▶ **Prompt**
A faithful copy of all the data is required; pictures should not be included.

▶ **Listed entries**
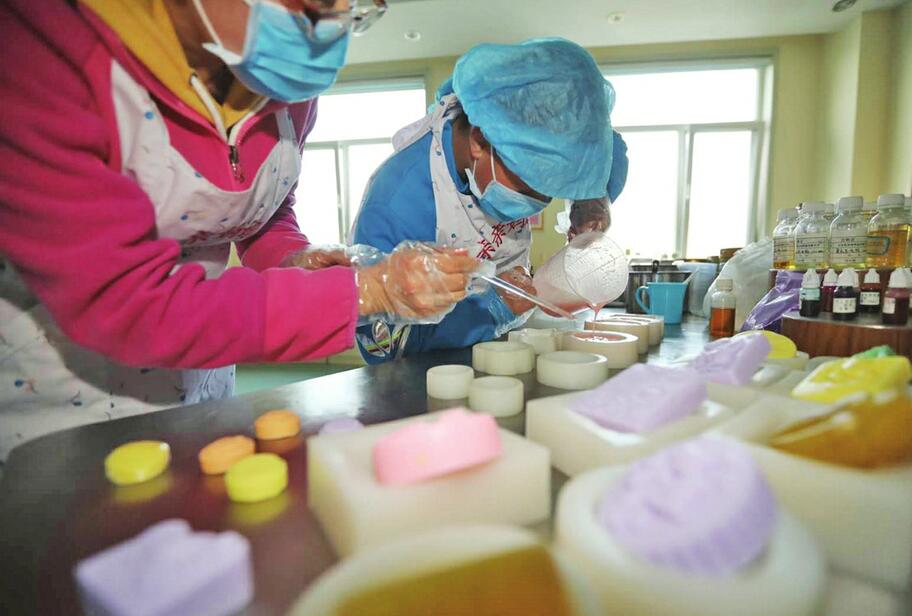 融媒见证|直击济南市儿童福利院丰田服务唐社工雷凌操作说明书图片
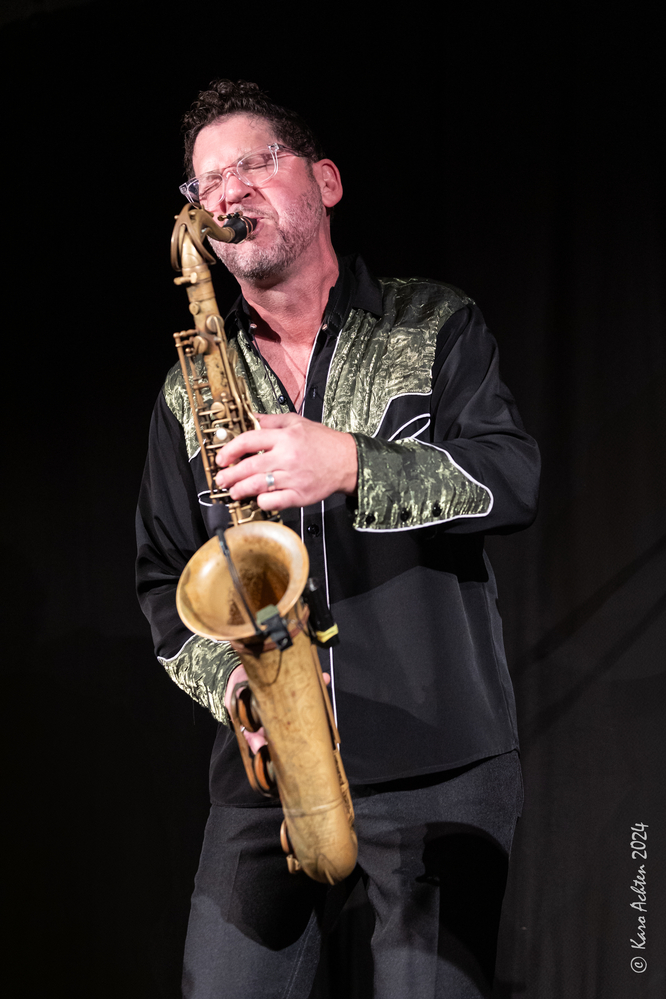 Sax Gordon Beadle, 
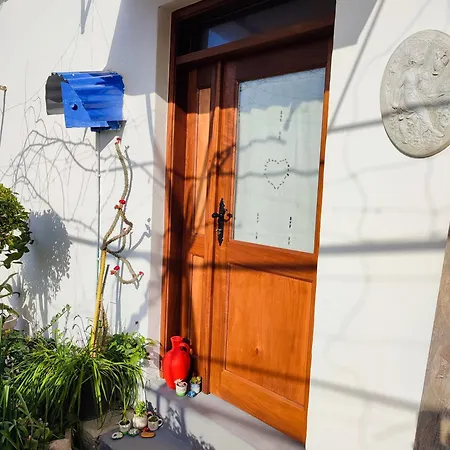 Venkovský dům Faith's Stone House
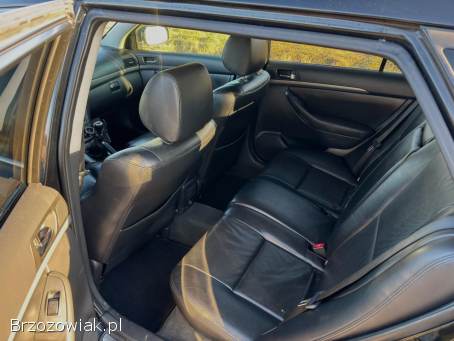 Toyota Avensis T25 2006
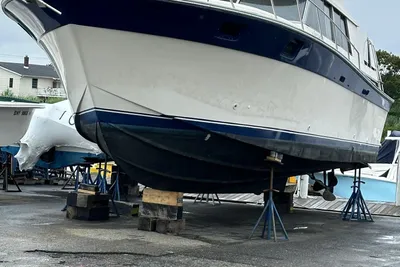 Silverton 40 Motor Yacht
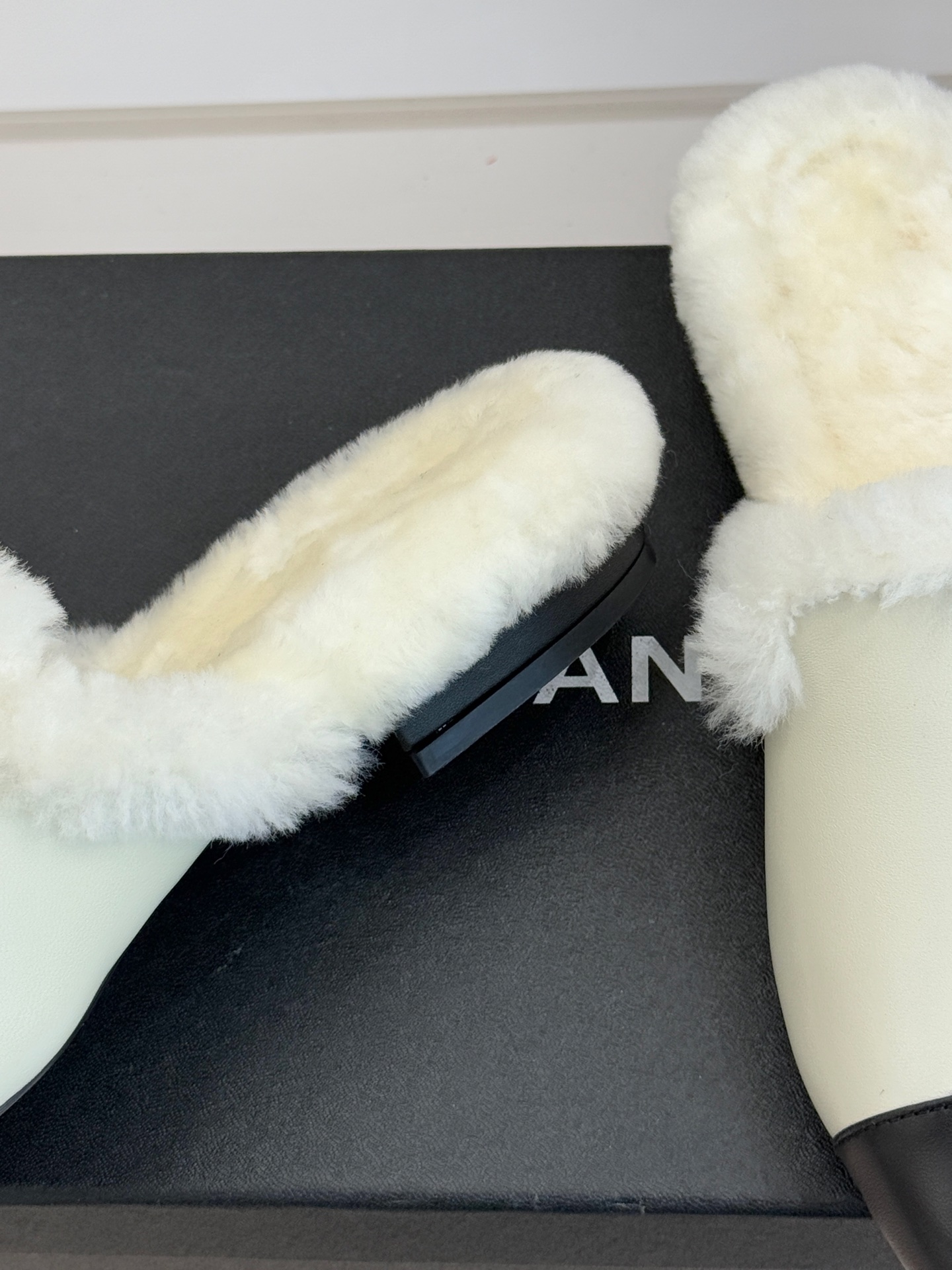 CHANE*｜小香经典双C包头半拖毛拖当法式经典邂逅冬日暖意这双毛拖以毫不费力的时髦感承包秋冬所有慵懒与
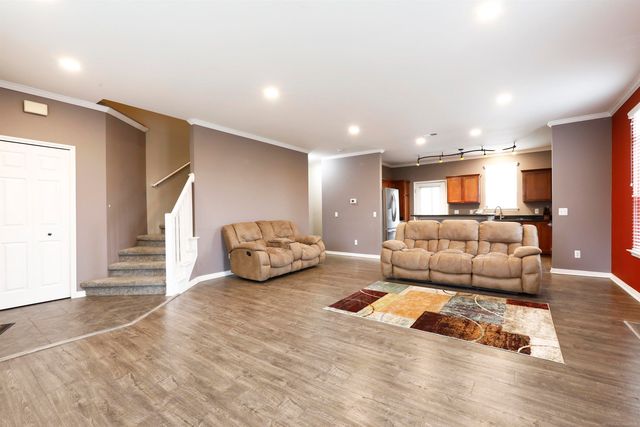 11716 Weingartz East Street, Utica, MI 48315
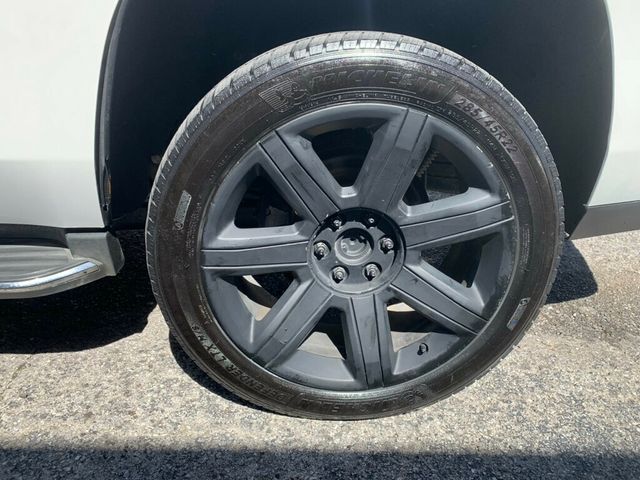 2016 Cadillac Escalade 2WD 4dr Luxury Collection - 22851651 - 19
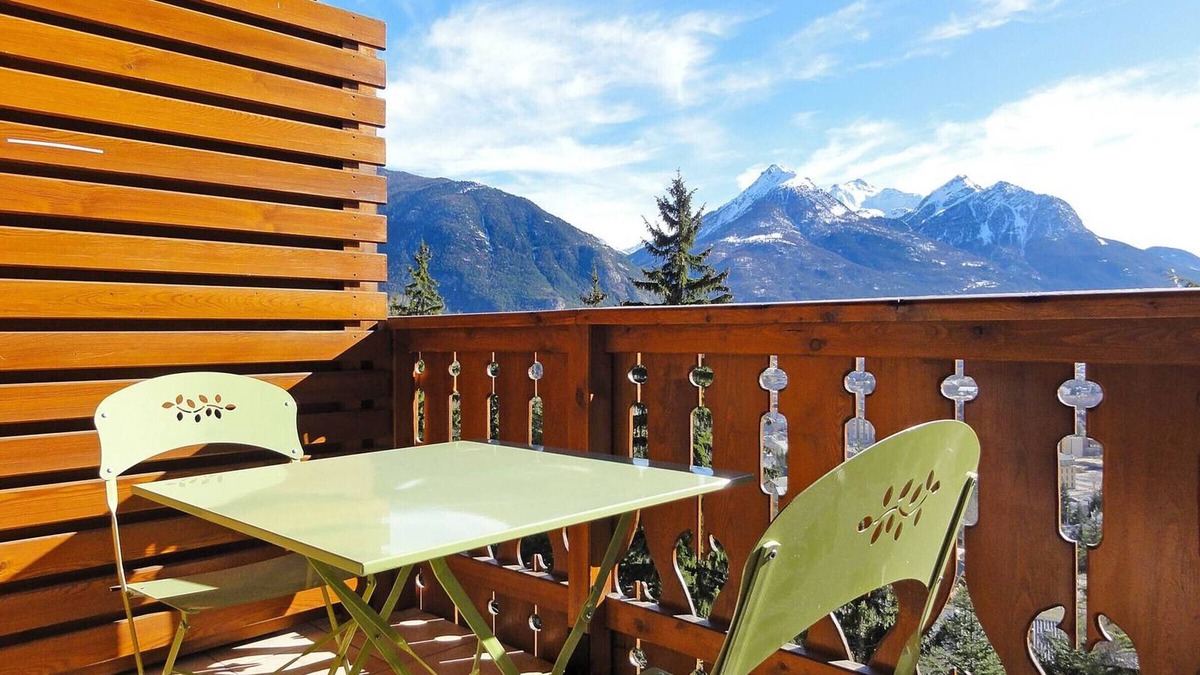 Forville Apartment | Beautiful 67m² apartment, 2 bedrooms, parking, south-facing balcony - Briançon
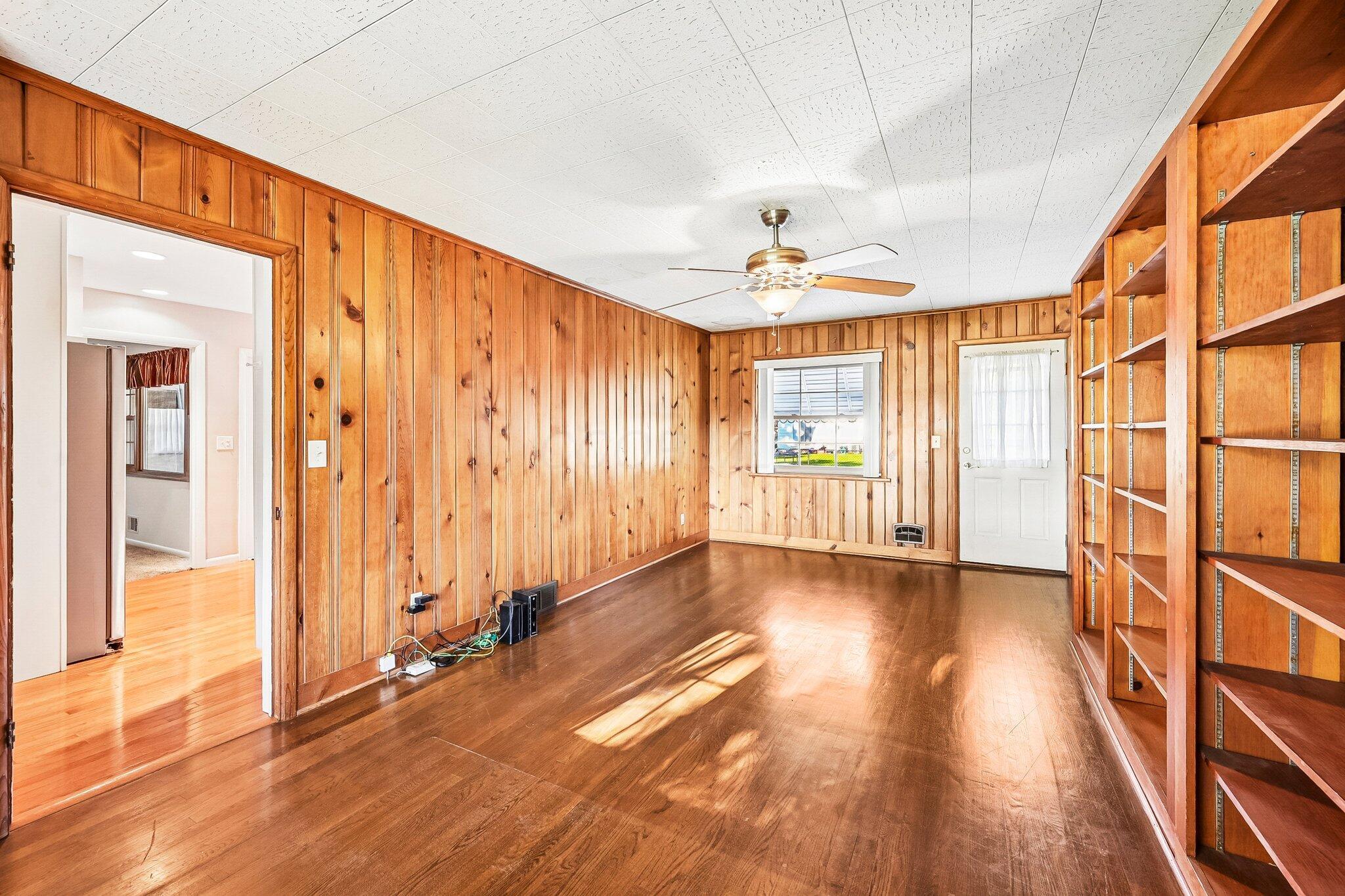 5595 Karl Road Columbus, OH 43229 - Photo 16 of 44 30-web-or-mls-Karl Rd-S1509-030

▶ **Output for this task**
 融媒见证|直击济南市儿童福利院丰田服务唐社工雷凌操作说明书图片
 Sax Gordon Beadle, 
 Venkovský dům Faith's Stone House
 Toyota Avensis T25 2006
 Silverton 40 Motor Yacht
 CHANE*｜小香经典双C包头半拖毛拖当法式经典邂逅冬日暖意这双毛拖以毫不费力的时髦感承包秋冬所有慵懒与
 11716 Weingartz East Street, Utica, MI 48315
 2016 Cadillac Escalade 2WD 4dr Luxury Collection - 22851651 - 19
 Forville Apartment | Beautiful 67m² apartment, 2 bedrooms, parking, south-facing balcony - Briançon
 5595 Karl Road Columbus, OH 43229 - Photo 16 of 44 30-web-or-mls-Karl Rd-S1509-030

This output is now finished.